Aim of the task
Exactly the lines from the one holding "Bügelbild Hasenohren und" through the last line of the listing below must appear in the answer, and no pictures.

Available data
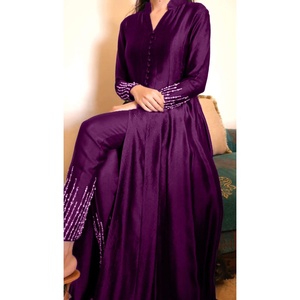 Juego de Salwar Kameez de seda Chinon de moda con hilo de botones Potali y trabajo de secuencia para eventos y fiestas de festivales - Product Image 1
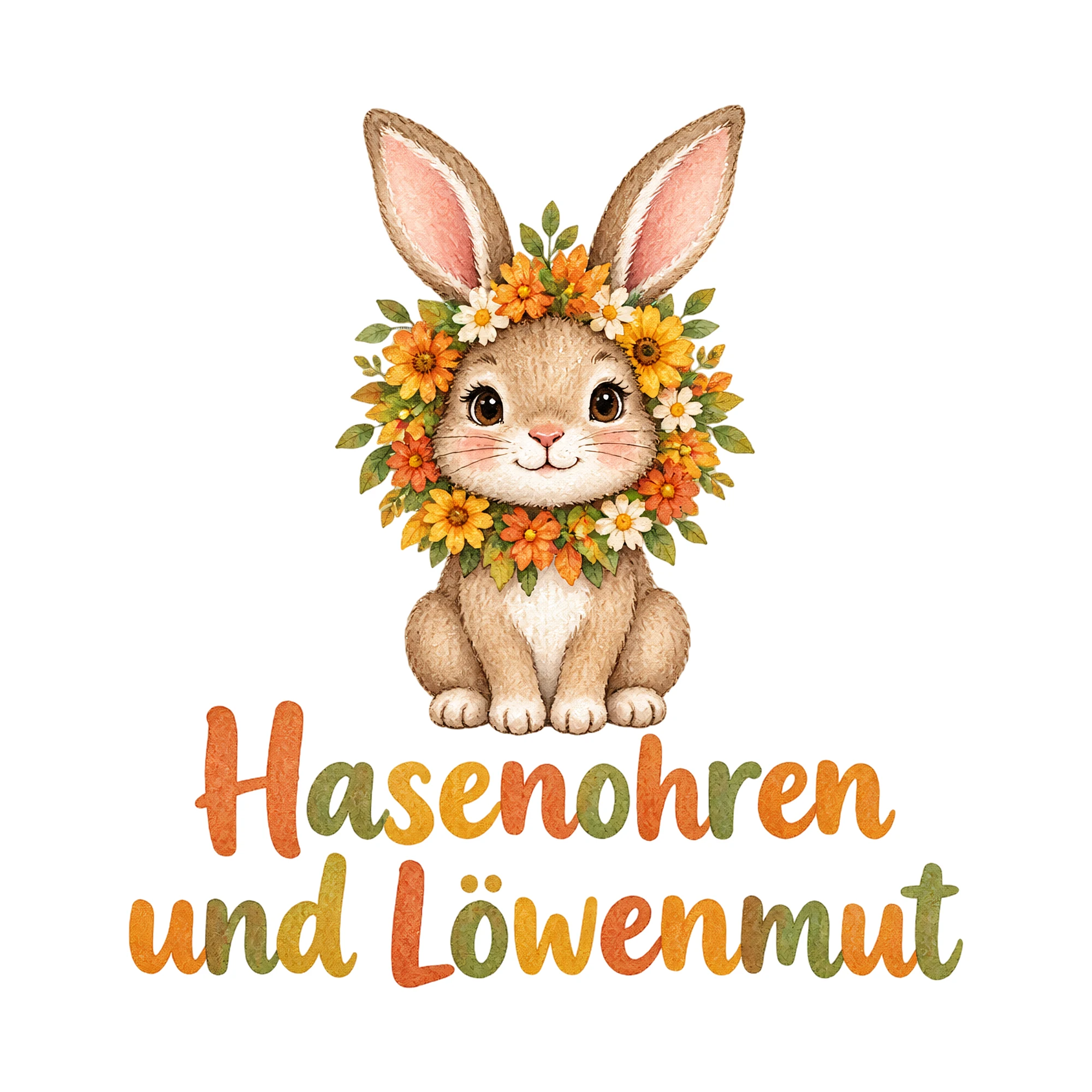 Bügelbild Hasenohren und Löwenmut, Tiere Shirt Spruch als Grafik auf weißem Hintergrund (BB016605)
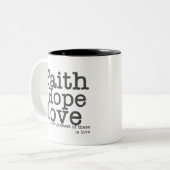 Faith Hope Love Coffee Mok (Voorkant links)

Finished task
 Bügelbild Hasenohren und Löwenmut, Tiere Shirt Spruch als Grafik auf weißem Hintergrund (BB016605)
 Faith Hope Love Coffee Mok (Voorkant links)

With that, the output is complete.